Except when otherwise indicated by the context, reference to the masculine gender shall include, when used, the feminine gender and any term used in the singular shall also include the plural.
3.  Administration.
(a)   Authority of Committee. The Committee or its delagee shall administer this Plan. The Committee shall have the authority to interpret this Plan and any Award or Agreement made under this Plan, to establish, amend, waive and rescind any rules and regulations relating to the administration of this Plan (including without limitation the manner in which Participants shall make elections provided for herein), to determine the terms and provisions of any Agreements entered into hereunder (not inconsistent with this Plan), and to make all other determinations necessary or advisable for the administration of this Plan.
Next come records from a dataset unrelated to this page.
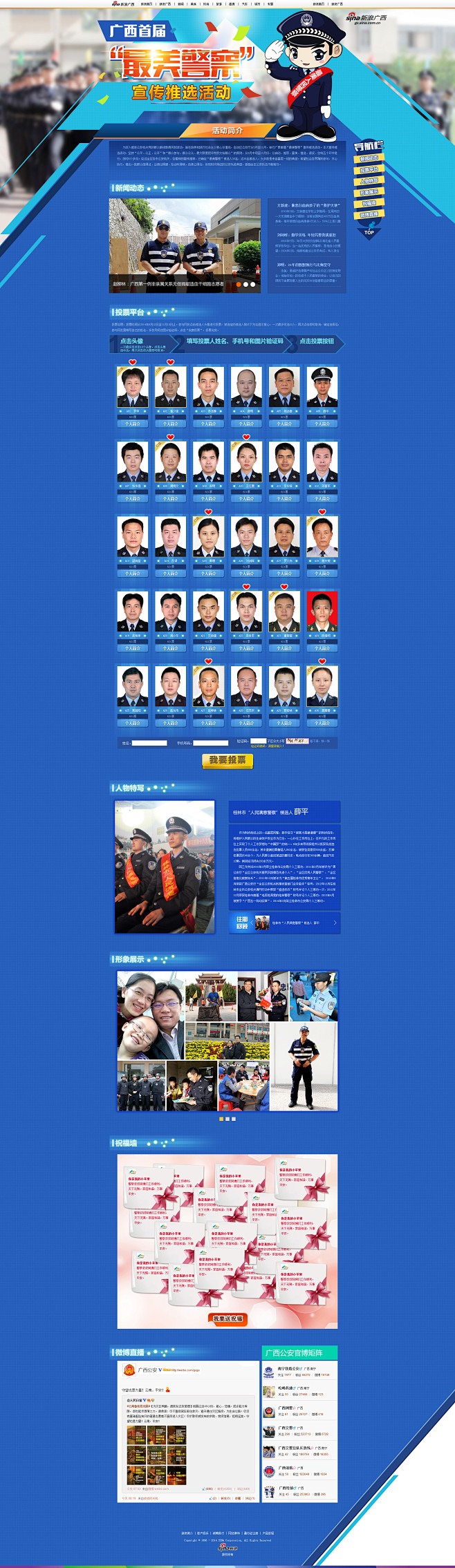 广西首届“最美警察”宣传推选活动专题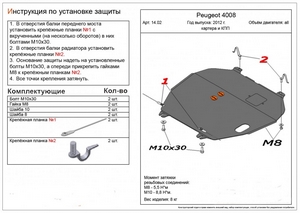 Защита картера и КПП Peugeot 4008 с 2012-н.в.
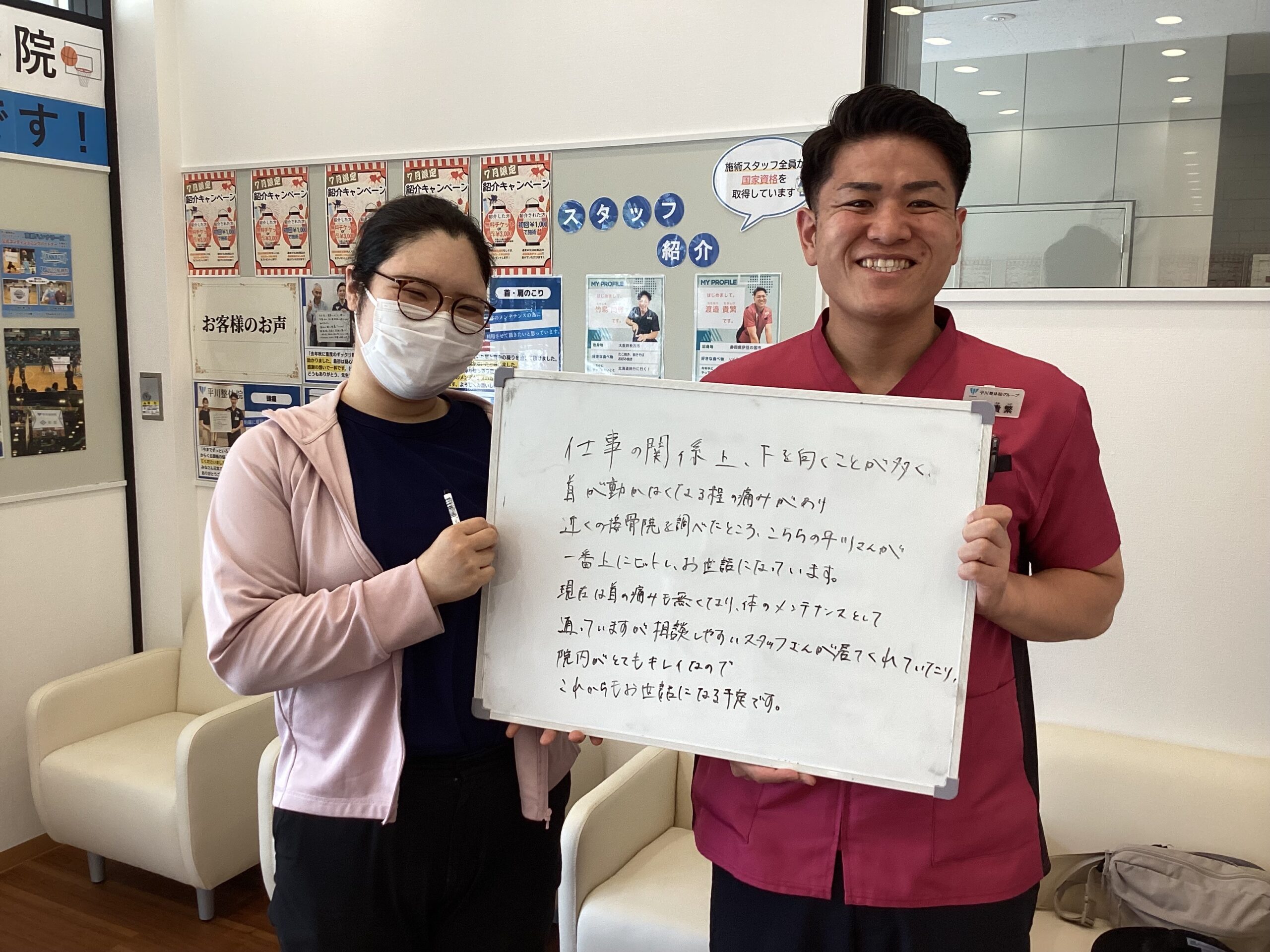 患者様レビュー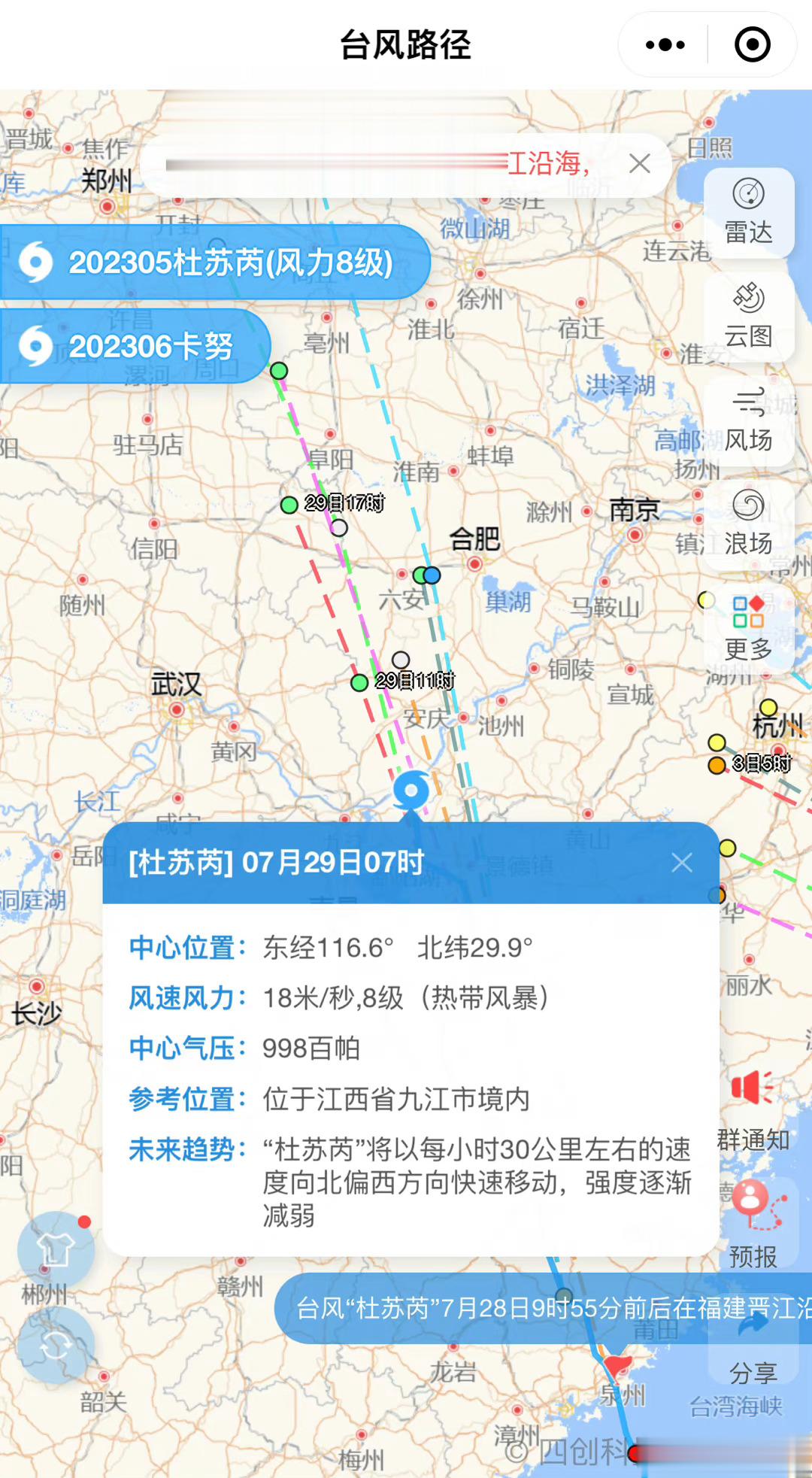 #杜苏芮将从江西移入安徽# 杜苏芮果然从江西东部擦过进入安徽了，强度已经从最初登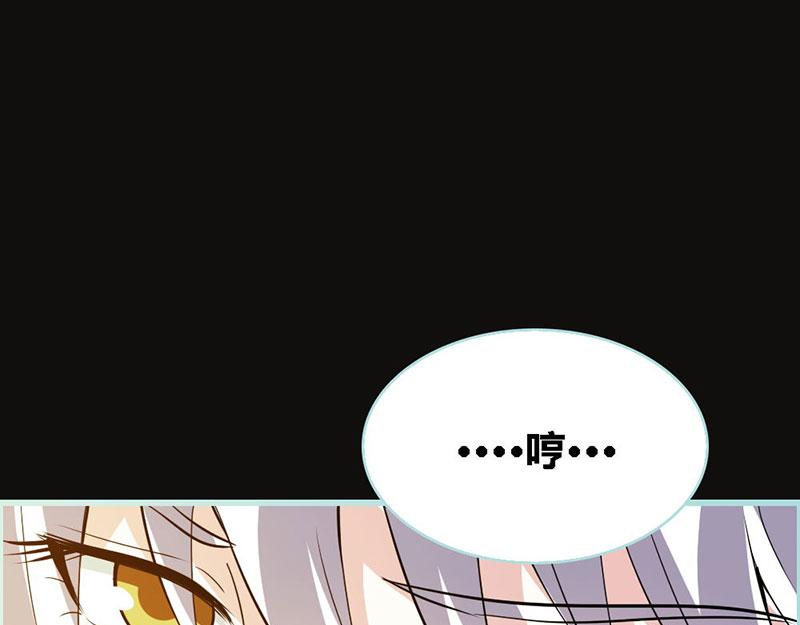 《奈何桥上谁怕谁》第67话 我都看到了！ 第43页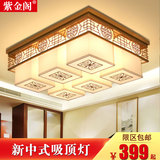 中式客厅灯长方形led仿古铁艺书房卧室现代新中式吸顶灯中式灯具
The Committee may correct any defect, supply any omission or reconcile any inconsistency in this Plan or in any Award in the manner and to the extent it shall deem desirable. The determinations of the Committee in the administration of this Plan, as described herein, shall be final, binding and conclusive.
 
(b)   Indemnification. To the full extent permitted by law, each member and former member of the Committee and each person to whom the Committee delegates or has delegated authority under this Plan shall be entitled to indemnification by the Company against and from any loss, liability, judgment, damage, cost and reasonable expense incurred by such member, former member or other person by reason of any action taken, failure to act or determination made in good faith under or with respect to this Plan.
4.  In General.
(a)  Shares Available. The number of Shares available for distribution under this Plan is 3,000,000 (subject to adjustment under Section 9(f) hereof). Any Shares subject to the terms and conditions of an Award under this Plan which are not used because the terms and conditions of the Award are not met may again be used for an Award under this Plan. Any undistributed portion of any terminated, expired, exchanged, exercised or forfeited Award or any portion of an Award settled in cash in lieu of Shares shall be available for further Awards.
 
(b)  No Fractional Shares. No fractional Shares may be issued under this Plan; fractional Shares will be rounded to the nearest whole Share.
 
(c)   Rights as Shareholder. A participant shall have no rights as a shareholder with respect to any securities covered by an Award until the date the Participant becomes the holder of record.
  5.  Options.
(a)   Agreements. Each Option granted under this Plan shall be evidenced by an Option Agreement setting forth the terms and conditions thereof.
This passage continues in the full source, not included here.